Dec 6: Home/Hospital
Feeling pretty good today. I go in for blood tests, see the Dr., and if all goes well, get admitted to the hospital this morning for the next round of chemotherapy (Round 4, Cycle A).

Dec 5: Home
Groggy this morning. I wonder if the prednisone is making my sleep apnea worse. Since starting the medication, my skin has softened and everything around my bones has drooped and become mushy. Ugh. Ok. Maybe having a prednisone-enhanced moment this morning...a wonderful case of the UGLIES...you know...unacceptable for human acceptance...make you wanna be a hermit? Sigh. I'm glad I can wait for these moments to pass...

Dec 4: Home
Feeling good this morning. Blood numbers from yesterday were higher than expected. Looks like I'm on target for re-admission for next cycle of chemo on Thursday. Whew. Just when you feel like you're getting enough energy to enjoy a day off then...WHACK!...you're back in the House of Pain. Aack. I'll be in a mood to celebrate when this is all over and I've come out the other side as THE VICTOR! Grin. Feeling good on a *DAILY* basis...ahhh. It's not too far away folks.
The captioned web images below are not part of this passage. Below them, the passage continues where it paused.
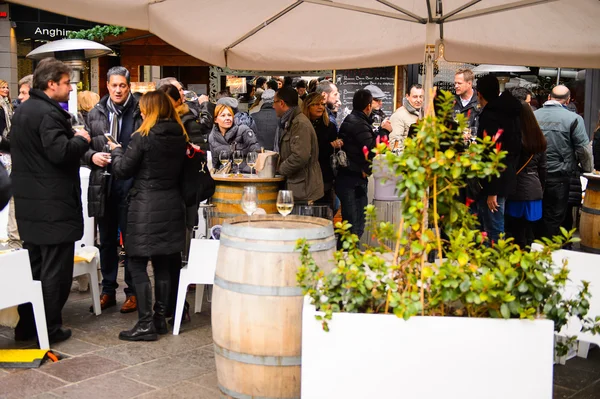 Weihnachten in Lugano, Schweiz — Stockfoto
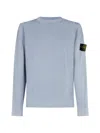 STONE ISLAND STONE ISLAND LOGO PATCH KNITTED JUMPER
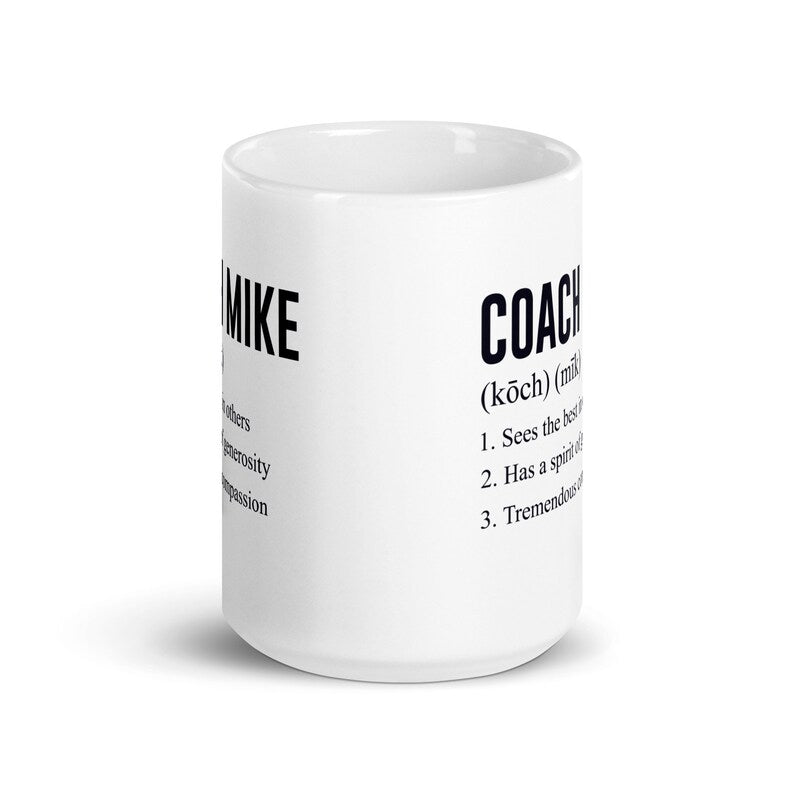 Personalized Coach Gift, Coach Coffee Mug, Personalized Gifts For Coach, Funny Coach Gifts, Coach Gifts Basketball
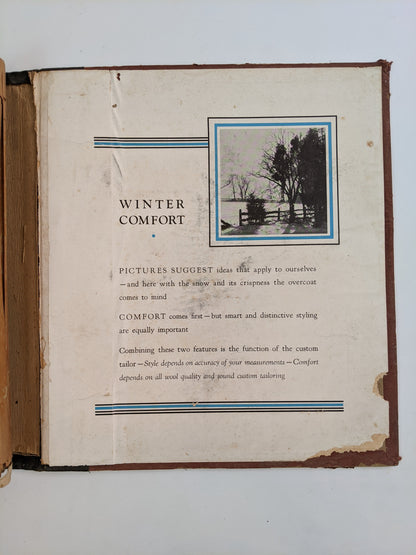 1930s Catalog Scrapbook 1936-37 International Tailoring Co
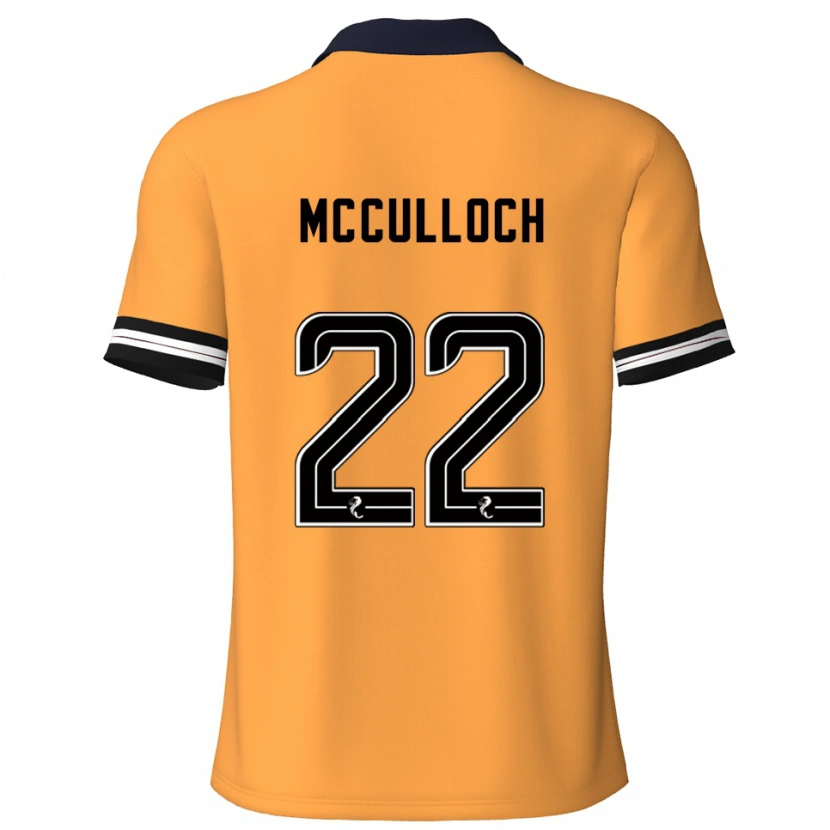 Danxen Män Seren Mcculloch #22 Gul Svart Hemmatröja Matchtröjor 2025/26 Tröjor T-Tröja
We're almost there...

Dec 3: Home
A wonderfully relaxing weekend with family. Physical weakness borderline this weekend. Woke up a couple times from yesterday's "football nap" gasping for air. Walking to the other side of the apt causes racing heart and shortness of breath. Blood work today will tell the story. Feeling slightly better this morning. Had problems over the weekend, too, with arms and hands going to "sleep". Huge bruise on right arm is healing, but is causing some pain in a small knot at times. Not sure why... Vision seems to be close to normal when rested. Not enough rest distorts ability to focus, esp at close objects.

Dec 2: Home
More good rest, but weak this morning. The homemade holiday food is fabulous. Had fried turkey, spinach mashed potatos, dressing, yellow squash souffle, and pumpkin pie--all homemade. Yummy. It's good this doesn't happen every weekend for prednisone boy (aka eat-everything-in-sight boy).

Dec 1: Home
Wow. 10 hrs of sleep! A little weak physically, but soaking in the luxury of a GREAT night's rest. Eyes are much better today (difficulty focusing, esp in right eye over last 3 days). Family bringing down homemade food to celebrate the holidays at home this weekend (we celebrated Thanksgiving & Christmas together at the hospital last week). It'll be a face-down-in-the-food weekend for me, prednisone boy. Ha-ha-ha. Time to celebrate being home and alive!